What twisted logic? What do I have to do to keep you from flying off the handle and remain able reason? I gave you the possibility that there might be a popular insurgency in Iraq, growing more and more anti-American as time goes. I’m only trying to get at the possible roots of this. I am not satisfied with facile explanations that really explain nothing, that’s all. Saying that we alienate anonimous Arabs by killing anonimous Arabs means nothing and explains nothing. If we do indeed alienate Arabs it is by failing to understand them. As much as I understand human nature, people fight most readily when they percieve to be denigrated, when you do something demeaning to them. Killing someone’s enemies is not demeaning. Ignoring someone’s wishes and aspirations is demeaning. If there is indeed popular insurgency in Iraq, the roots of it might be found there.
Sometime when people feel threatened they will also respond with violence.
The killing of one’s countrymen might be seen as threatening by some Iraqis.
Especially given that we have had a less than stellar record of sorting “the good Iraqis” from “the bad Iraqis,” an Iraqi might worry that our powers of discrimination may fail when it comes to him and his, even if they are all “the good Iraqis.”
Perhaps some Iraqis’ aspirations involve the withdrawal of US troops.
This is not a good analogy. The Nazis were attacking and killing people inside and outside their own country when the war began. Who was Iraq attacking? they didn’t even have the weapons [that Bushco said they had] to fight back with. WW2 was at least based on fact, while the current war with Iraq was based upon lies and more lies. Who benefits from people being killed for a lie?
Comic relief time? Ann Arbor professor cracking open his Little Red Book to find support for his notion of Fallujah in the wisdom of Chairman Mao.

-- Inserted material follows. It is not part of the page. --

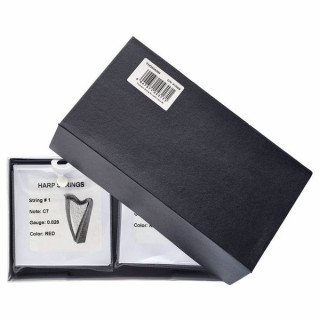 Струны для арфы Thomann Strings for Celtic Harp 36 Thomann Strings for Celtic Harp 36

Priceless. And sharks swim in a sea of “supportive” sea life. How infinitely wise. Let us remember, though, that Mao was not as much a popular guerilla leader as a most ruthless and cunning War-lord. He also said that all power comes from a muzzle of a gun. Perhaps that will throw more light on the situation of Fallujah civilians vis-a-vis the insurgents.
‘Few hundred thousands’ is my estimate of hard-core Baath leadership that was required to subdue the whole of Iraq under Saddam’s cult. ‘Few hundred thousands’ killed in battle is not genocide, but executed is genocide. I agree, genocide is not acceptable. Still, the place and manner of killing makes a lot of difference, doesn’t it?
Mr. Mao was not the only one to note that a successful guerrilla campaign depends on the support of the populace.
IIRC, an esteemed Mr. Lawrence was also among the many who made similar observations.
He was indeed a part of a guerilla movement.
For example?
I acknowledged that already.
There’s always the exception that comfirms the rule.
Witness the above post and you’ll note that I rightfully invoked the similitude between Isk’s disgusting bloodlust and The Final Solution without falling victim to the much-invoked Godwin’s Law.
Scary only in the sense that he’s hardly the only rightwinger who “thinks” that way.
First, as Orwell said, “Even Hitler had good reasons.”
Second, Saddam was terrorizing Iraqis all the time, and on the outside attacked Iran and Kuwait, before being disabled in 1991.
Third, yes there were many lies, so many that nobody can find any truth on either side.
British propaganda is the best of all.
Speaking of Orwell, this quote of his seems much more fitting for the OP:
**
This is the case in any war, however nobody asked “How can we win WWI or WWII if we continue to kill German people?”
And the USA cared SO much about this that they waited until the next century to take action?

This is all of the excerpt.